Following these picks, it isn’t surprising that the president is heading to the U.S. Chamber of Commerce. After all, the Chamber is already fully present in the White House.
The objection to the Chamber, of course, is that it claims to want to strengthen our economy, but hardly protects small businesses and does nothing for working families, while defending Big Business interests. As Robert Kuttner notes, “American corporations no longer need America’s workers,” which is why Big Biz can do OK even while regular Americans suffer persistent, pernicious unemployment, wage stagnation and economic insecurity.

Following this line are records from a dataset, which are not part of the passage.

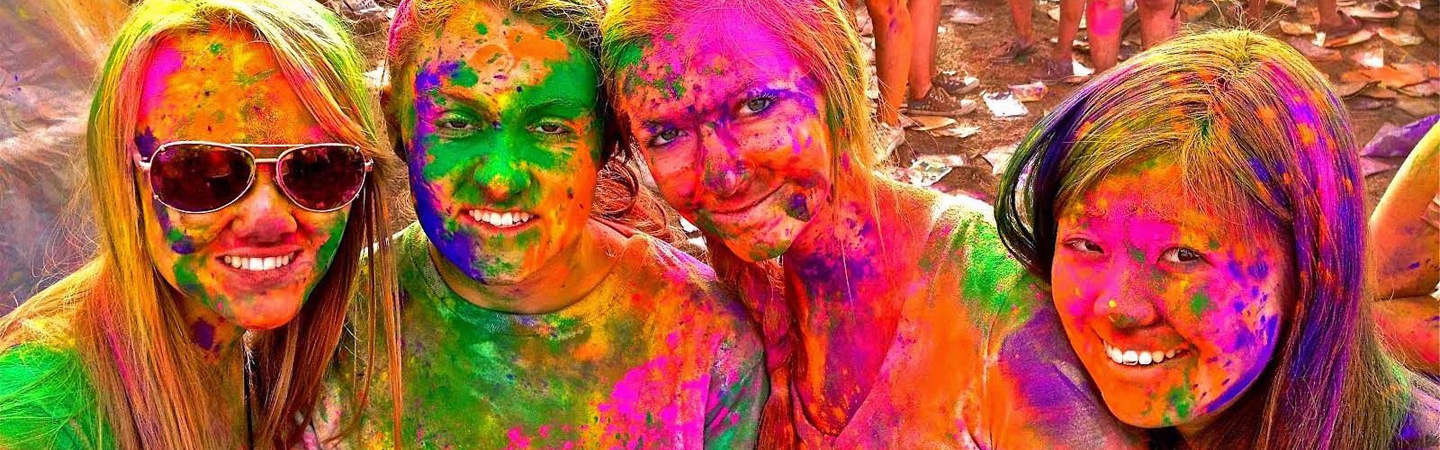 Women Only Group Tour To Celebrate The “Festival Of Colors” In India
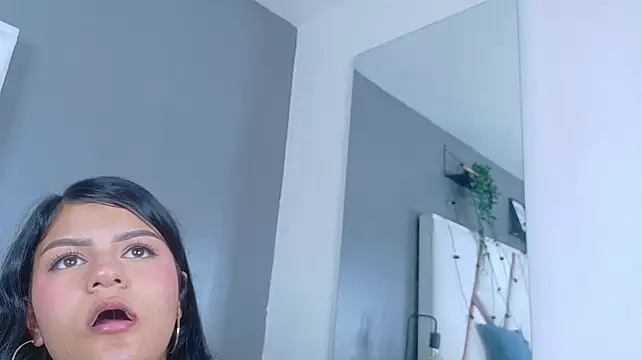 MilaFox__のライブXXXチャット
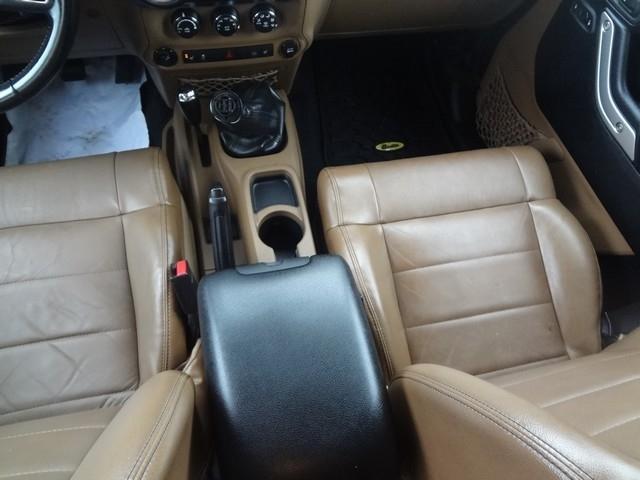 Jeep Wrangler Unlimited 4WD 4dr Rubicon 2011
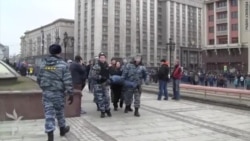 Hapšenja demonstranata u Moskvi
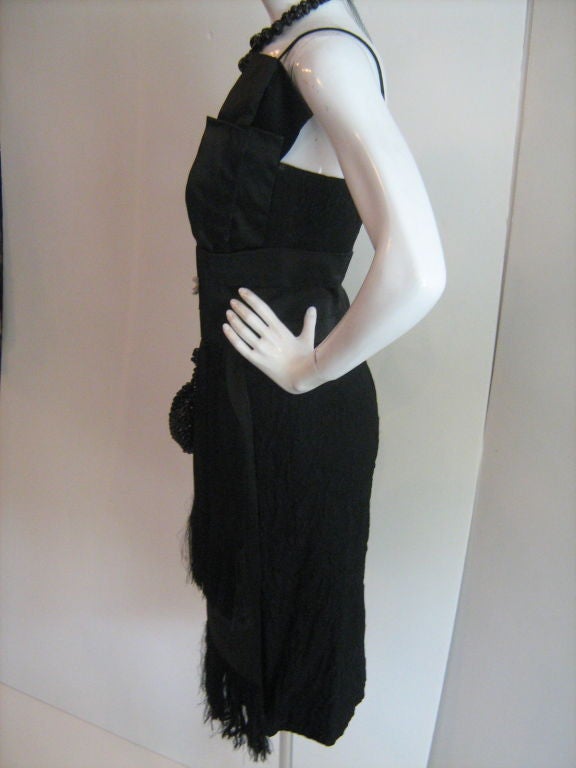 Noir Lowi & Co - Robe noire avec écharpe détaillée en vente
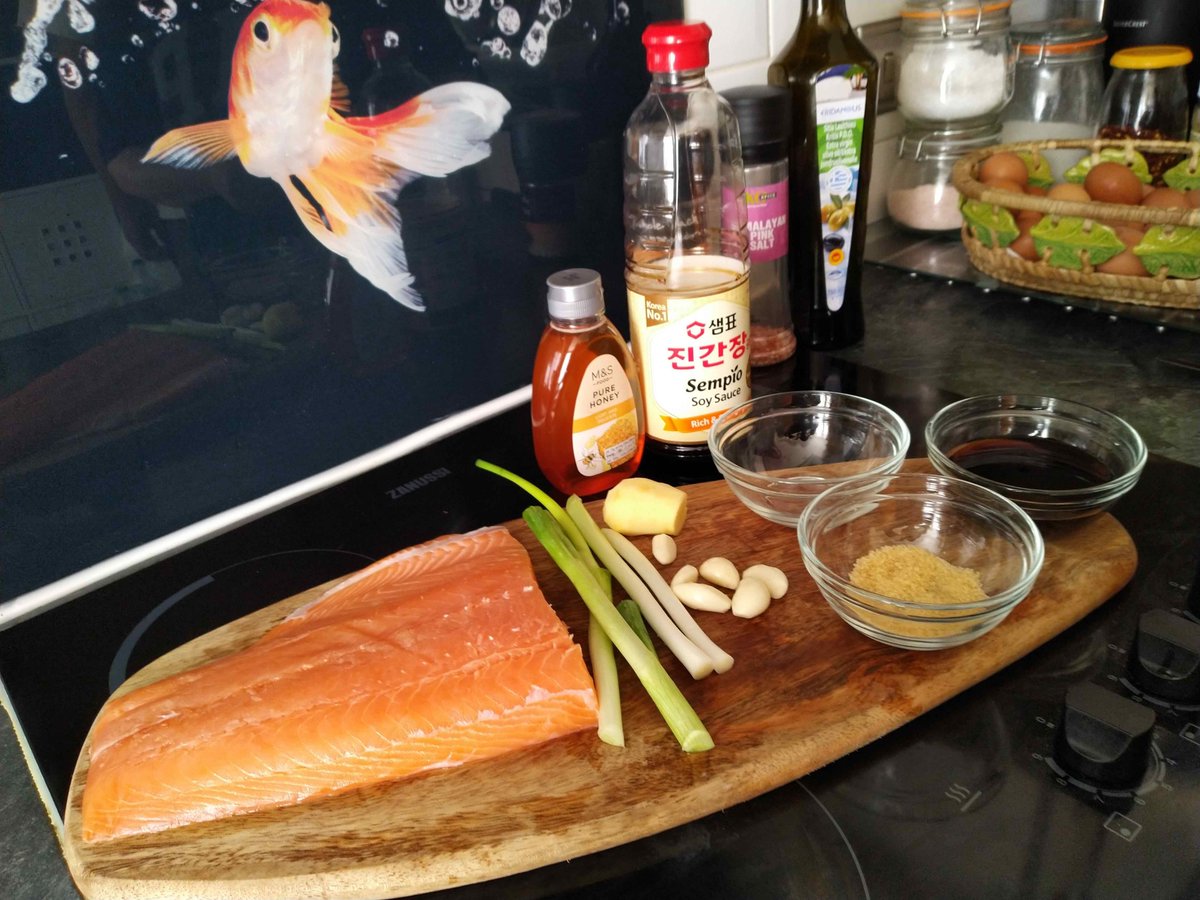 ArkGlobeAcademy's tweet photo. #Welldone to Kurt (Yr 7) who is the winner of the Secondary teacher challenge! Kurt made Salmon Teriyaki and took some lovely pictures of this dish - and won a £20 voucher! Well done to all everyone who participated in the competition. #Globeconnect #foodphotography https://t.co/owvLZyWIBL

So liberals are worried…which may be how Obama wants it. A few angry editorials in the pages of the Huffington Post (assuming HuffPo still runs progressive content after its AOL merger…but that’s another story) is good for Obama. It gives him the street cred to show the Chamber he’s not a darling of the left. He ran the same gambit in the O’Reilly interview, accusing the Wall Street Journal editorial page of being extreme before taking a false-equivalency sucker punch at the New York Times for good measure. With a handful of progressives angry, and a handful of cozy corporate cronies on staff, he should expect a warm reception by the Chamber of Commerce.
Now, will he use that warm reception? Will he challenge the Chamber’s members to create American jobs? Will he challenge outsourcing? Will he make a case for raising workers’ salaries and working standards here at home? Will he call for, in Kuttner’s words, “a constructive economic nationalism”?
There is hope. His State of the Union address showed he would discuss unnecessary tax cuts as wasteful spending and that he was willing to talk a big game about investment—a commitment that the American business community should embrace. If he continues that route and gets the business community to support real jobs for working Americans, then we should embrace his approach as well.
However, Big Business gets big by looking out for its profits over its workers, its community and its contribution to a greater good. Government shouldn’t be fooled into working the same way. We have a Great Compromiser as president. But in a tangle with the business world, we might really need a Great Negotiator.
President Obama held his own with O’Reilly. He disagreed forcefully where it mattered, he proved amiable (and even intentionally boring) when he sought to ease the tensions. But now he’s going from the Fox hole into the Lion’s Den. If the President emerges with a few scars, we’ll know he put up a good fight. If he walks away unscathed, that’s when we should worry. Because that doesn’t mean the lion’s been tamed. It just means the lion didn’t feel threatened enough to strike.